A reunião, confirmada pelo próprio ministro, deve abordar reivindicações centrais da categoria, como o valor dos combustíveis, o preço do frete e as condições de trabalho nas rodovias. Integrantes do governo avaliam que a estratégia é estabelecer um canal direto de negociação com os caminhoneiros, em um momento de insatisfação crescente no setor.
No campo econômico, o Palácio do Planalto tem buscado alternativas para frear a alta do diesel. Entre as medidas já anunciadas por Lula estão a isenção de tributos federais e a concessão de subvenção a produtores e importadores do combustível, além da criação de uma taxação sobre a exportação de petróleo. Apesar disso, entidades do transporte afirmam que os efeitos ainda não chegaram ao consumidor final, com preços mantendo trajetória de alta nos postos.
Nesta terça-feira (24), o ministro da Fazenda, Dario Durigan, detalhou uma nova proposta de subsídio ao diesel importado. A iniciativa prevê um incentivo de R$ 1,20 por litro até o fim de maio, sendo metade financiada pela União e metade pelos estados. O modelo em negociação dispensa, neste momento, a necessidade de zerar o ICMS.
Paulo João Estausia, conhecido como Paulinho do Transporte. É presidente da CNTTL (Confederação Nacional dos Trabalhadores em Transportes e Logística), que representa cerca de 17 milhões de trabalhadores dos modais de transporte, e presidente do Sindicato dos Rodoviários de Sorocaba – que abrange 44 municípios e representa aproximadamente 18 mil trabalhadores.
Quem vai participar da reunião:
Luciano Santos de Carvalho. É presidente do Sindicam (Sindicato dos Caminhoneiros da Baixada Santista e Vale do Ribeira).
Carlos Alberto Litti.

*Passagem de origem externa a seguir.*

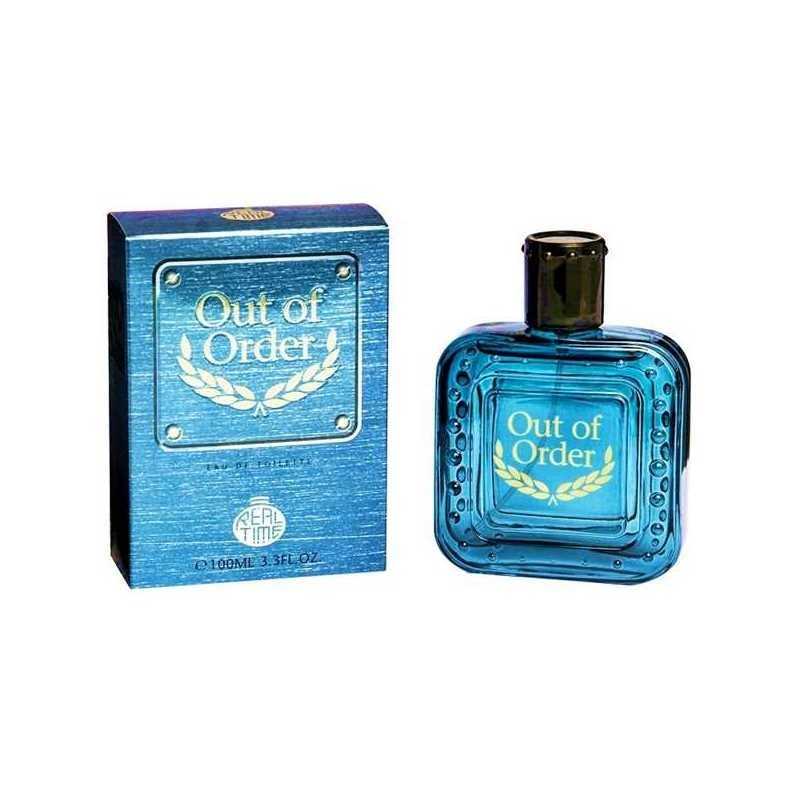Chaqueta Eso Desear Real Time OUT OF ORDER Perfume para Hombre 100 ml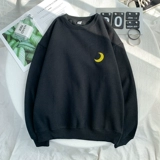 Лонгслив для мальчиков для школьников, брендовая трендовая приятная телу толстовка для отдыха, в корейском стиле, большой размер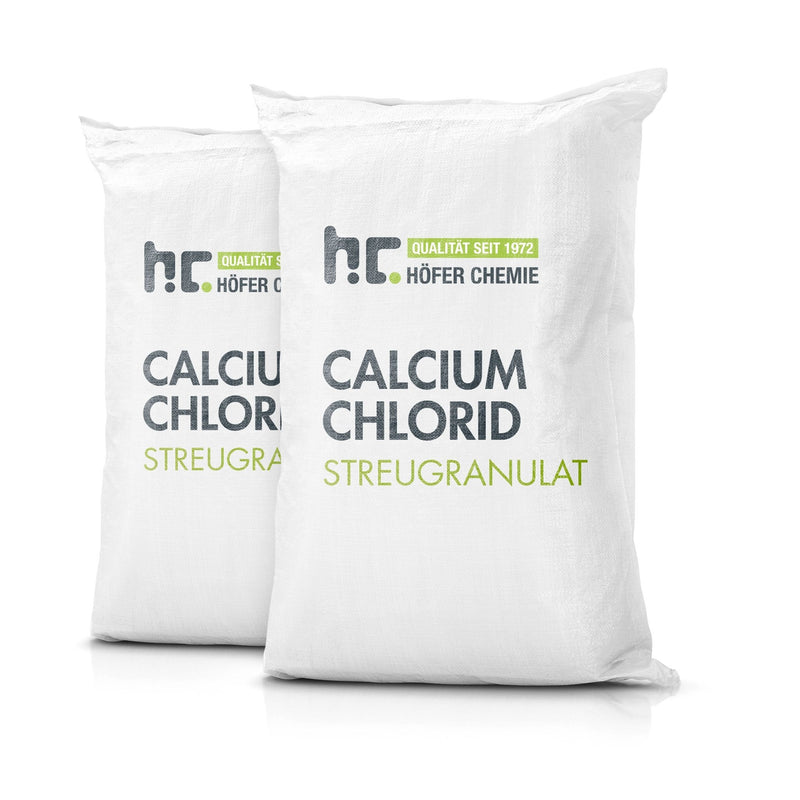 25 kg Höfer Chemie® Calciumchlorid Streugranulat / Flakes - Höfer Chemie GmbH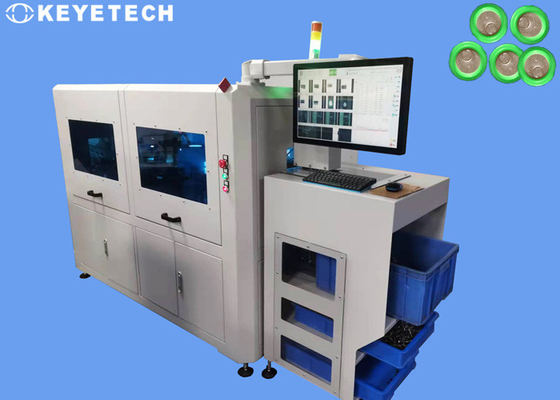 Chapeaux AOI Inspection Machine pour la détection de défaut de surface de chapeau de batterie de Li-ion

É diretor e porta-voz da CNTTL e presidente do SINTAC-Ijuí (Sindicato dos Transportadores Autônomos de Ijuí-RS), que representa 15 mil trabalhadores, e ainda é presidente da COOTAC (Cooperativa dos Transportadores Autônomos de Cargas).
Vantuir José Rodrígues. É presidente do Sinditac (Sindicato dos Transportadores Autônomos de Cargas) de Goiânia e também é diretor na CNTTL.
Romero Costa. É diretor no Sindicam. Nas eleições de 2024, candidatou-se ao cargo de vereador pelo PP, ficando de suplente.
Cleber Costa. É diretor operacional no Sindicam.
Categoria decidiu não fazer greve nacional. Em assembleia em Santos, os caminhoneiros aceitaram aguardar sete dias e, passado esse período, reavaliar o cenário.
A proposta será discutida pelos secretários estaduais de Fazenda em reunião do Conselho Nacional de Política Fazendária (Confaz), marcada para sexta-feira (27). A expectativa do governo é obter adesão dos estados para viabilizar a política de contenção de preços, considerada estratégica diante dos efeitos da guerra no Oriente Médio sobre o mercado internacional de combustíveis.